Communications & Media

SOOS “Seeing Below the Ice” Workshop

Group photo outisde SOOS

More than 50 international scientists met in Hobart from 22-25 October 2012 to develop a strategy to observe ocean structure and circulation and ice-ocean interactions in the Antarctic sea ice zone.

Climate signals indicate that the Antarctic sea ice zone is undergoing rapid and accelerating changes where warming ocean meets both the sea-ice and ice shelves. These changes have far-reaching effects through their impact on global sea-level rise and warming rates, yet oceans below the ice are amongst the least understood and most poorly monitored systems in the world.

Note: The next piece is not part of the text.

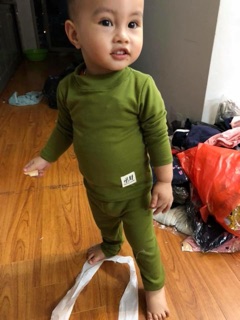 Đồ bộ thu đông hm cho bé(combo 3 bộ)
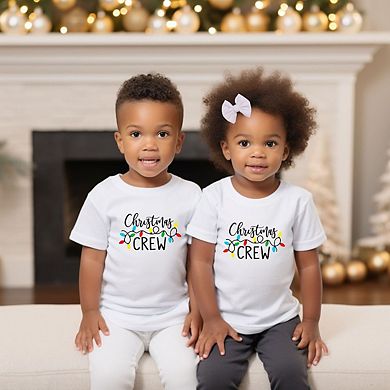 Christmas Crew Toddler Short Sleeve Graphic Tee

The four-day Seeing Below the Ice Workshop gave scientists the opportunity to present the current status of polar observing systems in both hemispheres, discuss key questions, define problems and recommend the solutions required to develop a sustained strategy for observations in the Southern Ocean sea-ice zone.

A plan had been developed by the end of the workshop to outline the measurements needed, how to collect them and from where, in the sea ice zone to study ocean - ice interactions. A formal strategy will be developed in upcoming months.

Guest speakers at the workshop came from more than 20 countries and included Professor Walter Munk, physical oceanographer, whose pioneering research more than 50 years ago demonstrated the relationship between winds and ocean circulation. Professor Munk also celebrated his 95th birthday in Hobart.

The Southern Ocean Observing System (SOOS), an international program hosted and sponsored by the Institute for Marine and Antarctic Studies at the University of Tasmania, led the Seeing Below the Ice Workshop, which was sponsored by CSIRO "Wealth from Oceans Flagship", the Climate and Cryosphere project of the World Climate Research Program, and the Partnership for Observations of the Global Ocean.

Photo caption: The SOOS-led Seeing Below the Ice Workshop attracted international scientists from more than 20 countries for four days of talks and discussion.